Another Great Depression 'a sure thing', says expert

Bangkok (The Nation/ANN) - Well-known regional financial expert Paul Gambles expects the world economy to fall into another "Great Depression" any time between now and 2014, and that it will last for five to 10 years.

The MBMG International managing partner who appears frequently on CNBC and other media and at financial events said: "Our best case is that stocks will fall 30-40 per cent from where we are now. The worst is hard to predict, but during the Great Depression in 1930s, US stocks dropped by over 90 per cent." MBMG is a global financial advisory service.

Speaking to The Nation in an exclusive interview, Gambles said it was not possible to predict the exact time of the global economic collapse, as it would depend on what financial event triggers it, which would be very much a political decision.

Nonetheless, he said, "There are two economists who are the most influential on my economic thinking: One is Adam Smith, and [the other is] Nouriel Roubini or 'Dr Doom' ...he believes 2012 or 2014 is the maximum point we can get to without some event" triggering a major crash.

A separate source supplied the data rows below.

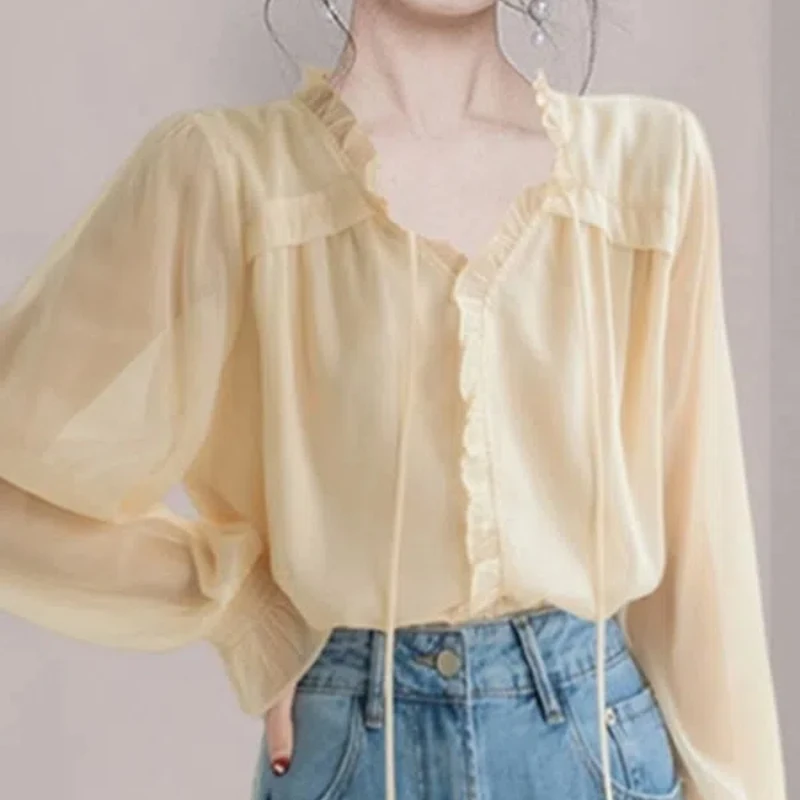 French Flare Sleeve Women's 2024 Spring New Spliced V-neck Drawstring Fashion Solid Color Loose Long Sleeved Blouses Shirts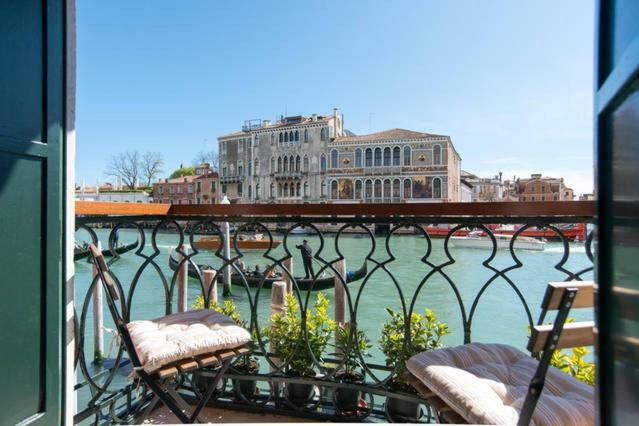 Casa Zucchi | Grand Canal Apartment เวนิส ภายนอก รูปภาพ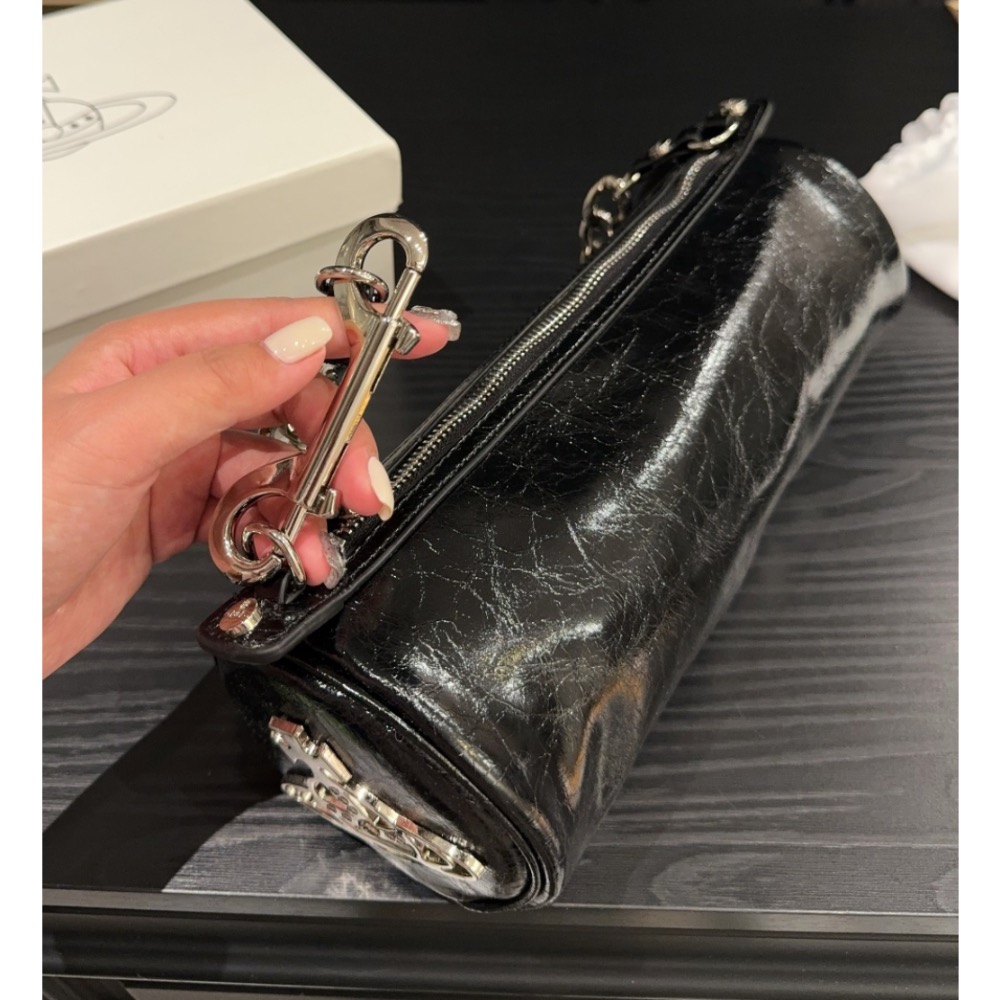酷優雅Vivienne Westwood 單肩包肩背包土星腋下包 復古優雅 滿滿的高級感 大小適中 休閒正裝皆可輕鬆駕馭-細節圖4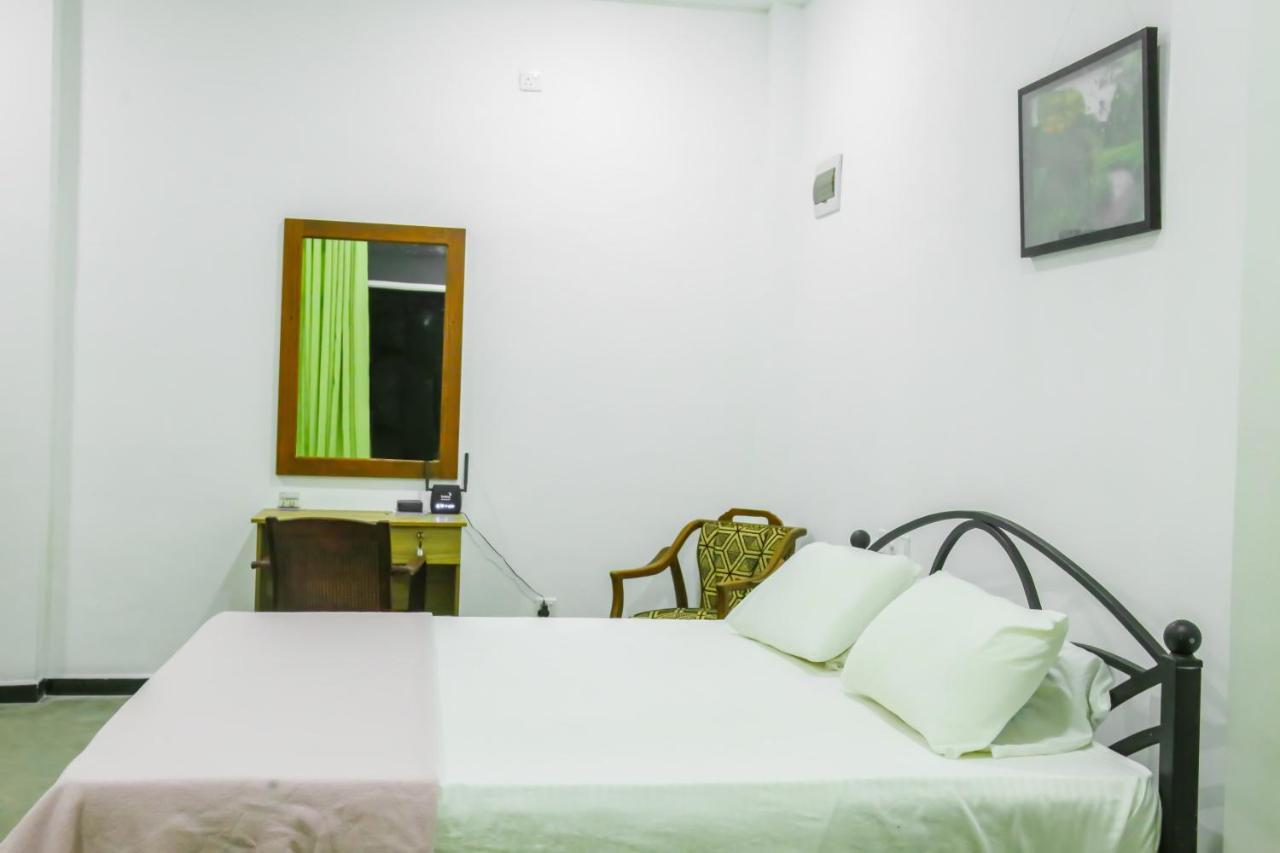 Sandy Palms Guesthouse Hikkaduwa Exterior photo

"Unless you are prepared to lose 40 per cent of your assets, which you might not ever be able to recover, you should completely avoid equity exposure right now," Gambles said.

A professor at New York University and chairman of a consulting firm that bears his name, Roubini earned the nickname "Dr Doom" for correctly predicting the financial crisis in 2008.

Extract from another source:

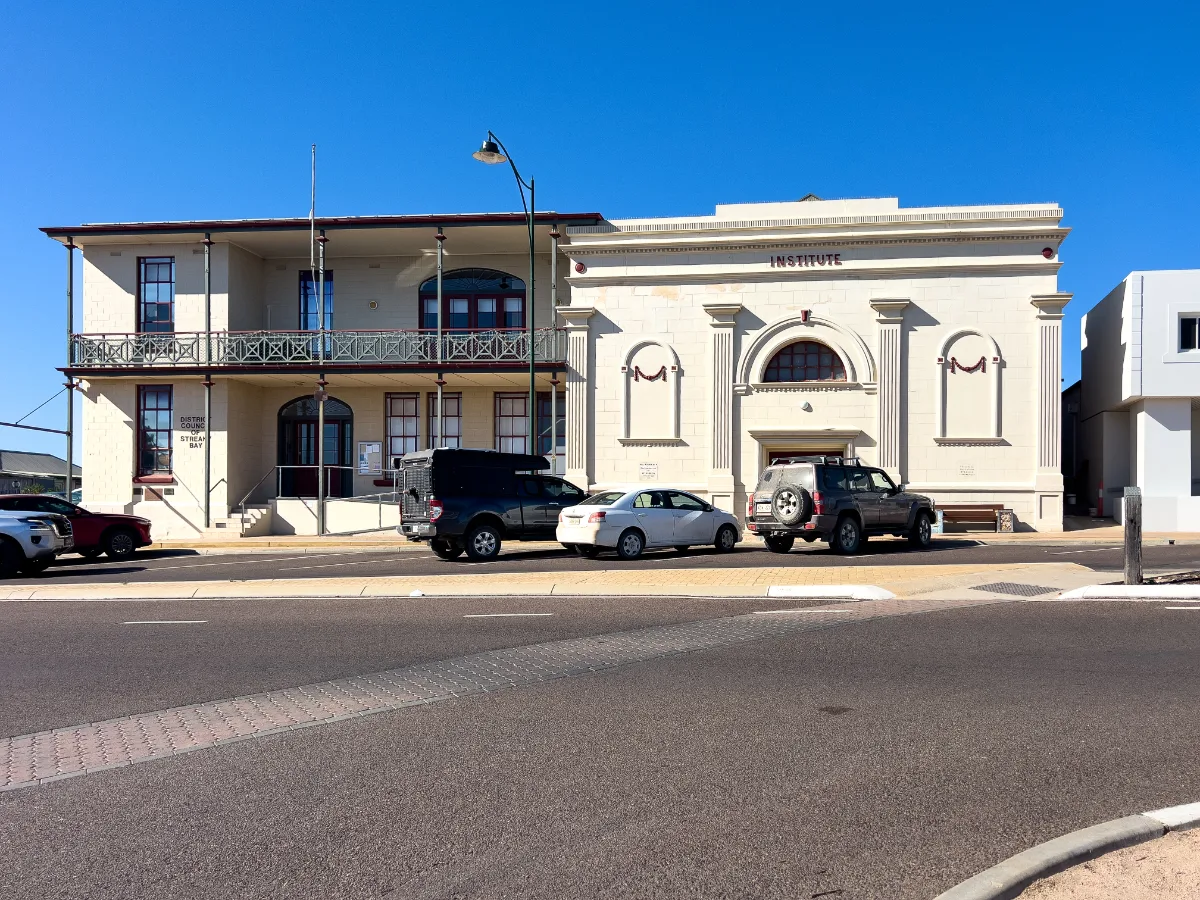 The Streaky Bay Institute, a stately building, stands as a testament to the town's rich history.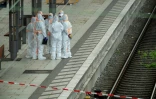 Des membres de la police scientifique sur le quai de la gare centrale de Hambourg, où au moins 12 personnes ont été blessées lors d'une attaque au couteau, le 23 mai 2025 en Allemagne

Gambles said MBMG had predicted since last year that "the four horsemen" comprising the United States, the United Kingdom, Japan and the euro zone were getting close to the "apocalypse" or "the end of the world". Governments are repeating the mistakes they made in the 1920s that led to the first Great Depression, such as accumulating huge public debt, distributing wealth poorly, and tolerating low productivity. Therefore, he said, no central banks would be able to stop a recurrence of the Depression.

"Now we have changed that view slightly. We think it will happen for sure. And China is now exactly in the same situation," he said.

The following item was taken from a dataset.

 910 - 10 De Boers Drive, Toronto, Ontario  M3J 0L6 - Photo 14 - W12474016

China reported last Friday that its exports grew by just 1 per cent in July from a year earlier, raising deeper concerns on the possibility of an economic hard landing in the world's second-largest economy, after years of rapid growth.

To protect their wealth from the expected economic crash, Gambles said investors with medium-term risk profiles and medium-term time horizons (five years or more) should allocate half of their portfolios in cash, 20-25 per cent of in gold, 10-15 per cent in government bonds, 10 per cent in selected types of hedge funds such as long-short equity and managed-future funds, and about 5 per cent in "tactical investments" such as "shorting" Australian property.

"One of the best opportunities to make money right now is to exploit the most overvalued asset in the world, Australian property. Some of our managers are just now starting to 'short' Australian property. In real terms, it must fall by 60-70 per cent."

He said investors at any risk profile should now overweight on cash, which currently can offer an expected annual return of 3-4 per cent for yen, and 6-7 per cent for baht, Singapore dollars and US dollars. After the expected financial crisis, gold is predicted to rise to US$2,500-$3,000 an ounce, from about $1,600 at present. When the crisis starts, the US dollar is expected to shoot up to 35-36 baht, though the long-term trend is for the greenback to fall to 25 baht eventually.

Gambles said Asia would not be immune to the coming global economic collapse, though some economies with low debt levels will bounce back faster. Thailand is still in a good position, and it would be better for the country if the global depression occurred now rather than later, as the Kingdom is piling up debt and weakening its economy, he said.

The upcoming US presidential election or the political handover in China could be the catalyst for the next global crisis, but as evidence throughout history shows, it's usually not the big-headlines event or the expected thing that triggers a major crisis, said the MBMG executive.